El papa encargó al historiador Gaetano Marini[i] que se hiciese cargo de la documentación que contenía el tratado, lo que así hizo. El documento depositado en el Vaticano consta de ocho folios de 355 por 245 mm., con sellos de lacre del papa y Francia.

Éste tratado se inscribe en la política expansiva de Bonaparte, figura militar ascendente, contra las potencias absolutistas, Gran Bretaña y los estados italianos que estaban bajo la mirada, si no la intervención, del Imperio Austríaco. Bonaparte estaba interesado en tres cosas: su ascenso personal, el engrandecimiento de Francia y la expansión de las ideas ilustradas y liberales moderadas por Europa.

Así los ejércitos bonapartistas ocuparon Módena, Forli, Bolonia y otras ciudades bajo la “protección” pontificia. Entonces el papa envió a Bonaparte una legación para llegar a ciertos acuerdos que evitasen un desastre mayor (quizá la ocupación militar de Roma) para el director de la Iglesia, y en Tolentino se reunieron las dos partes.

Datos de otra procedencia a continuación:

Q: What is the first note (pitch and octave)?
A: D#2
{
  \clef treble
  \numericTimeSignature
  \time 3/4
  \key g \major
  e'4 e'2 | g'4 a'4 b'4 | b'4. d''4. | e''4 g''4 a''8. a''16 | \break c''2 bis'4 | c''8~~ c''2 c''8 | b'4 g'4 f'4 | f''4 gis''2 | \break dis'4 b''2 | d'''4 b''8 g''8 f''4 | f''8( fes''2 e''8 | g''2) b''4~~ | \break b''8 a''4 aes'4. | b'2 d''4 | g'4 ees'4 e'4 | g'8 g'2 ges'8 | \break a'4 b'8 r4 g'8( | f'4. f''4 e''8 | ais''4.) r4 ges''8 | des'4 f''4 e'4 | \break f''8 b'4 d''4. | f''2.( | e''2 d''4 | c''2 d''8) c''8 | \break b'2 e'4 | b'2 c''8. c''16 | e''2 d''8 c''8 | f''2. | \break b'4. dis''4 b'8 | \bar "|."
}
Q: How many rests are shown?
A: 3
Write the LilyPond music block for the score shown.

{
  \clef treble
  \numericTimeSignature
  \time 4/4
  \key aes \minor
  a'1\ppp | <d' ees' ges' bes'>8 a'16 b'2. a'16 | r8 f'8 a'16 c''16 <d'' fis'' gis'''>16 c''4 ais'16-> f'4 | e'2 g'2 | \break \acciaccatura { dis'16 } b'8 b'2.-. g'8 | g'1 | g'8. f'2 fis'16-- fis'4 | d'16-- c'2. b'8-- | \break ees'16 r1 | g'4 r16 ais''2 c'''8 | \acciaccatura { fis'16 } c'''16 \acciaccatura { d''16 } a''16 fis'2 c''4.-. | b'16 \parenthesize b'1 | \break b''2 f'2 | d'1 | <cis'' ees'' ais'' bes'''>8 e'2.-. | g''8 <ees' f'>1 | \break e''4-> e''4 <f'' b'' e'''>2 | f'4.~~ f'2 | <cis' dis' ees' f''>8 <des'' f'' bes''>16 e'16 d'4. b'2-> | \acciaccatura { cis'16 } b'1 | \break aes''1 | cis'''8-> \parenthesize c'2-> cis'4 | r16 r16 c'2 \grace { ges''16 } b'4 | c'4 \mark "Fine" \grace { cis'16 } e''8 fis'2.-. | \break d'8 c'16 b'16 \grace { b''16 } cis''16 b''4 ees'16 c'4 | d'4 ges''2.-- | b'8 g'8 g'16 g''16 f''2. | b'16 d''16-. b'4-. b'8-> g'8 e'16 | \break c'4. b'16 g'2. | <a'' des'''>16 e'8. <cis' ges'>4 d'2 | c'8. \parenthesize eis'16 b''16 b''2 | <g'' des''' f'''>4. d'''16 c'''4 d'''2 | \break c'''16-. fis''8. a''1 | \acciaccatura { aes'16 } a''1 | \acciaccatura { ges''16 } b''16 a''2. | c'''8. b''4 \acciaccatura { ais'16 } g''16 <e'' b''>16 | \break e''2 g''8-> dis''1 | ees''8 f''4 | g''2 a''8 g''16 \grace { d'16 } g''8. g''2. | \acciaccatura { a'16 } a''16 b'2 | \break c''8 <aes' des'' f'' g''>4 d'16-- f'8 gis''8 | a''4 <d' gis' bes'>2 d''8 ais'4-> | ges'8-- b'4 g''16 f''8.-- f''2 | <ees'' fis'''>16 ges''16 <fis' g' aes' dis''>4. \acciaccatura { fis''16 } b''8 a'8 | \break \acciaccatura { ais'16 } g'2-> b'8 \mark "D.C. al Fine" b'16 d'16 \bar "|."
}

El texto del tratado es un ejemplo del lenguaje eufemístico de la diplomacia de todos los tiempos, hablándose de “amistad y buena inteligencia”, cuando en realidad había sido una imposición de Francia al papa, pero es importante que el éste se obligaba a no hacer reclamación alguna sobre Avignon y el condado de Venaissin (sureste de Francia) que en el siglo XIII había sido propiedad de los condes de Poitiers, los cuales lo donaron a la Iglesia. Por ello los habitantes de este territorio, cuyo centro ocupaba la villa de Carpentras, no estaban obligados al pago de impuestos ni al servicio militar. Esto no era admisible para los republicanos y jacobinos franceses ya desde los primeros momentos de la Revolución, aunque hay precedentes de que la monarquía absoluta francesa también había intentado anexionarse el condado.

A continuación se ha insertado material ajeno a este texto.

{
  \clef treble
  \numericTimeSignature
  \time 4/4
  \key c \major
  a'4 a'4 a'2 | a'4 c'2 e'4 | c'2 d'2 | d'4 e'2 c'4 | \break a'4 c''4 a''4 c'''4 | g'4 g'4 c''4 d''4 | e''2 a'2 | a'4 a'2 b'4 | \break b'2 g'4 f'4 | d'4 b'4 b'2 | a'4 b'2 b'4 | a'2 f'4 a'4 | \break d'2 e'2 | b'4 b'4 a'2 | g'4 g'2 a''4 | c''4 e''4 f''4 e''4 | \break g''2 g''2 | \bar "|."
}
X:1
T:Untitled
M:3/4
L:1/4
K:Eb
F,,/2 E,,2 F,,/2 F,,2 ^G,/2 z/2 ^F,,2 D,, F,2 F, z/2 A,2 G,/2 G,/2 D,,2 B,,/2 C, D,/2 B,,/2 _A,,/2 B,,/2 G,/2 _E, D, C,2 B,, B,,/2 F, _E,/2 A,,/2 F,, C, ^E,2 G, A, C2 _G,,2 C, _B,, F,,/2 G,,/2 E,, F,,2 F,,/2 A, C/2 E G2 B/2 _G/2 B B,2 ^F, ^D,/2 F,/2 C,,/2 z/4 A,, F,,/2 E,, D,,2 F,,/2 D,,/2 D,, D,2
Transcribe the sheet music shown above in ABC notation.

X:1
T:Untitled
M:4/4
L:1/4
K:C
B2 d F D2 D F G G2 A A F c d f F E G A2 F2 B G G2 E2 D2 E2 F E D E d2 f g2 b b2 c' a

El tratado hace referencia a una buena cantidad de dinero que el papa debía pagar a Francia, quizá para comprar una paz que nunca estaría segura o para compensar el tiempo de exención fiscal de que habían gozado los habitante de ese enclave papal en Francia. También había alguna cláusula alusiva a la entrega a Francia de algunas obras de arte, además de que el papa tuvo que liberar a presos políticos que la república francesa no admitía.

Quizá Bonaparte y sus colaboradores conocían el pensamiento de Mme. de Lambert[ii] de que “filosofar es devolver a la razón toda su dignidad”, así como a Voltaire cuando escribió en 1765: “el verdadero filósofo labra los campos incultos, aumenta el número de carretas y, por consiguiente, de habitantes, da trabajo al pobre y le enriquece, fomenta los matrimonios, da al huérfano instituciones, no murmura contra los impuestos necesarios y pone al campesino en situación de pagarlos con alegría. No espera nada de los hombres y les hace todo el bien de que es capaz”.



[i] Nacido en 1742, murió en 1815, pero no está claro si era sacerdote (parece que sí clérigo).
[ii] Nacida en París en 1647, falleció en la misma ciudad en 1733 (Anne-Thérèse de Marguenat), inspiradora de un salón para el cultivo de la dignidad, el buen gusto y el progreso en su época.